Spiega Marco Rossi-Doria, maestro di strada nel progetto “Chance”, che si tratta di una grande opportunità, per un “esercito immenso di giovanissimi in condizione di fallimento precoce e di uscita dal sistema scolastico e formativo”. In ogni contesto nazionale, prosegue Rossia-Doria, esiste una quantità fisiologica o cronica di fuoriuscita precoce dai sistemi scolastici: “Le cause del ‘cadere fuori’ (drop out) dai percorsi dell’obbligo oltre a mostrarsi legate alla povertà materiale e a fattori di esclusione culturale, appartengono anche alla mancata o insufficiente azione delle politiche pubbliche e di contrasto. Una causa ulteriore è poi individuata nelle frequenti rigidità delle scuole, restie ad adottare metodologie e modalità organizzative differenziate secondo il principio della discriminazione positiva”. E’ come se la scuola “per tutti” non riuscisse al contempo ad essere anche una scuola “per ciascuno”.
Invece, “questo tipo di esperienze – spiega Anna Maria Ajello, docente di Psicologia dell’educazione all’università “La Sapienza” di Roma – sono partite per inserire i soggetti con abilità insufficienti nel mondo del lavoro, fino ad arrivare a rimotivare i soggetti demotivati. Si tratta quindi non di dare autostima ai ragazzi, ma di ripotenziare le loro capacità perse. L’insegnante è come un archeologo alla scoperta delle abilità nascoste. Così, durante le lezioni i ragazzi studiano le materie che si studiano in qualunque scuola, aiutati da normali docenti, ma vengono poi portati a sfruttare anche quelle passioni (come l’informatica o la moda o lo sport) che in altre istituzioni scolastiche vengono scarsamente prese in considerazione”.

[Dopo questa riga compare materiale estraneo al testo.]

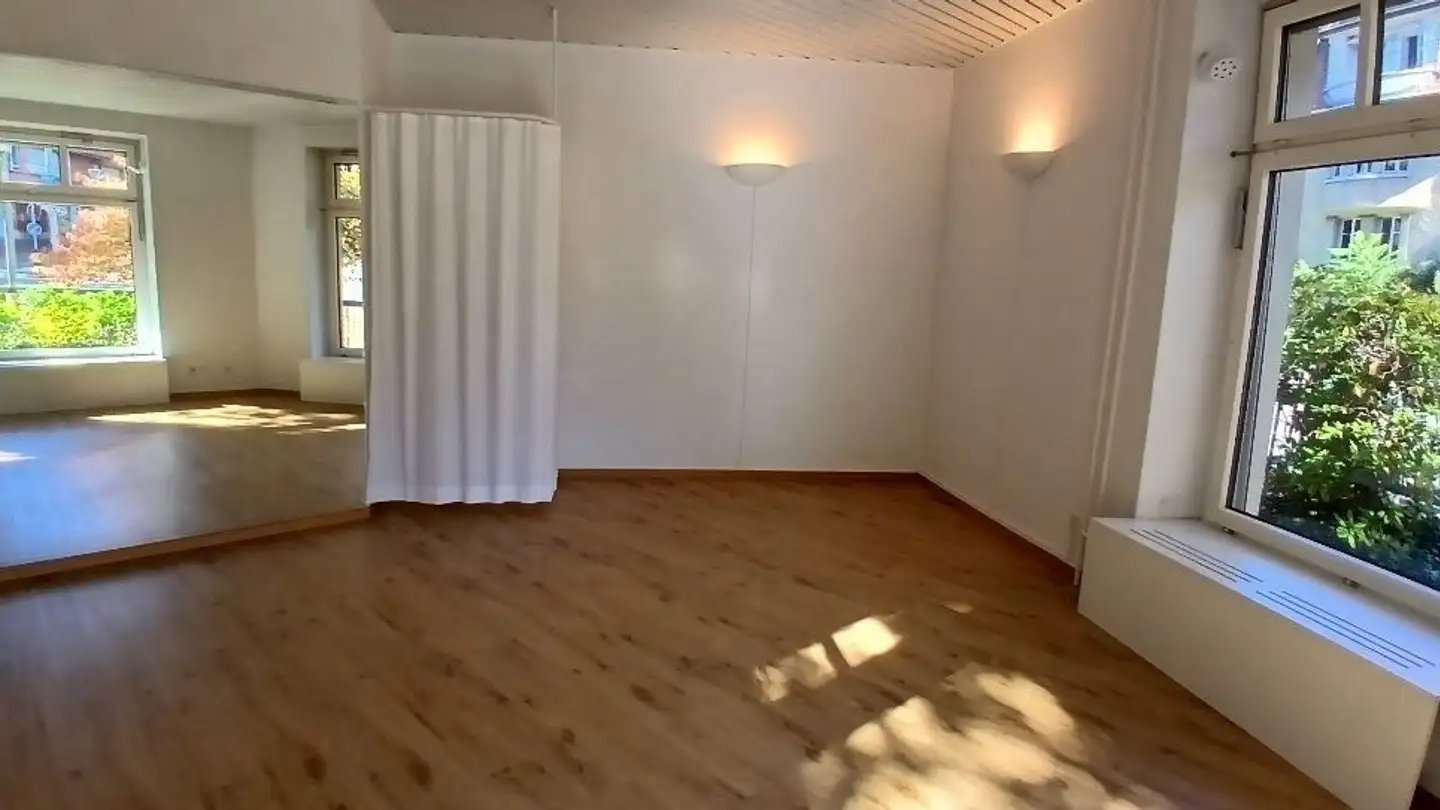 Commercial à louer - 8006 Zürich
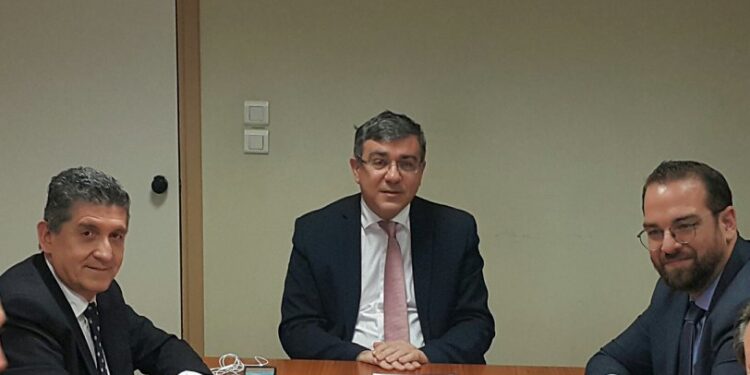 Πραγματοποιήθηκε η υπογραφή σύμβασης για την υλοποίηση του έργου Μονάδα Επεξεργασίας Απορριμμάτων στο Φλόκα Δυτικής Αχαΐας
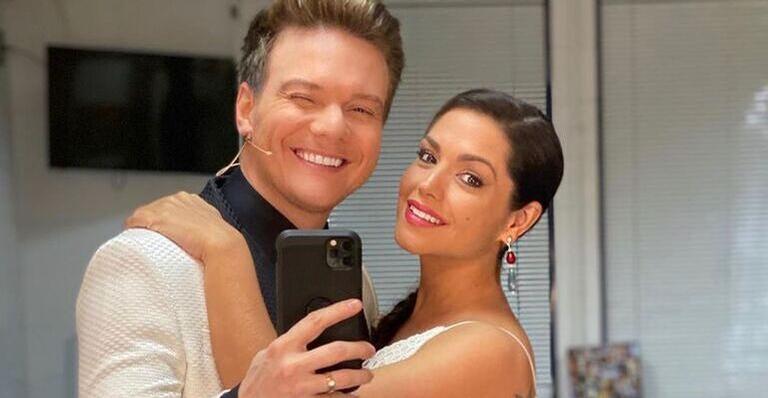 Michel Teló e Thais Fersoza roubam a cena ao levar os filhos no show de Sandy e Junior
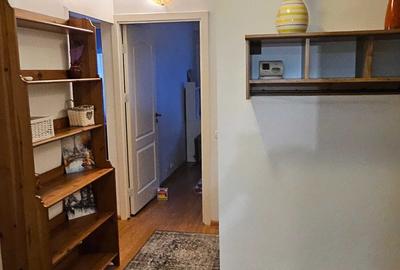 Apartament cu 3 camere decomandat în Popa Șapcă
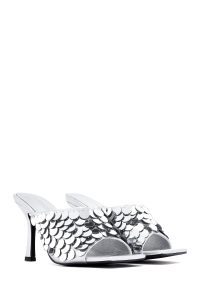 صندل زنانه نقره‌ای پاشنه نازک پولکی دری مد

“Lavorare per il recupero è possibile e dà i suoi frutti- ha spiegato il viceministro all’Istruzione Mariangela Bastico, intervenuta a un convegno a Roma tutto incentrato sul tema della seconda opportunità – e più questo lavoro dà i suoi frutti, più le istituzioni si impegnano per i progetti di lotta all’abbandono scolastico. Secondo gli ultimi dati – continua – il tasso medio di abbandono è molto alto: il 22 per cento dei ragazzi tra i 19 e i 20 anni non conclude un corso scolastico, con punte in alcune regioni anche del 35 per cento. Il livello è in progressivo calo, ma è ben lontano dal dieci per cento richiesto dall’Europa”
Il Ministero – ha aggiunto la Bastico – sta cercando di costruire, partendo dalle autonomie scolastiche e allargandosi fino a gli enti territoriali, una scuola inclusiva che non lasci indietro nessuno”. Tante le iniziative, spiega il viceministro, che il Governo sta prendendo in considerazione, dall’innalzamento dell’obbligo scolastico a 16 anni (su cui però non tutti sono d’accordo) a un elenco nazionale di soggetti educativi che concorrano a risolvere il problema, dalla lotta al superamento dell’anticipo alle elementari (che secondo molti studiosi “lacera il progetto educativo”) all’investimento sugli istituti tecnici e scientifici.
Da circa un anno l’Iprase Trentino ha messo in rete le scuole di seconda occasione: un’opportunità importante, per perseguire obiettivi comuni e confrontare e scambiare metodologie e pratiche, in modo da avviare uno studio in profondità sui processi che favoriscono il rientro nei circuiti formativi. Da questa collaborazione è nato anche un volume molto completo: “Ricomincio da me – L’identità delle scuole di seconda occasione in Italia” a cura di Elena Brighenti.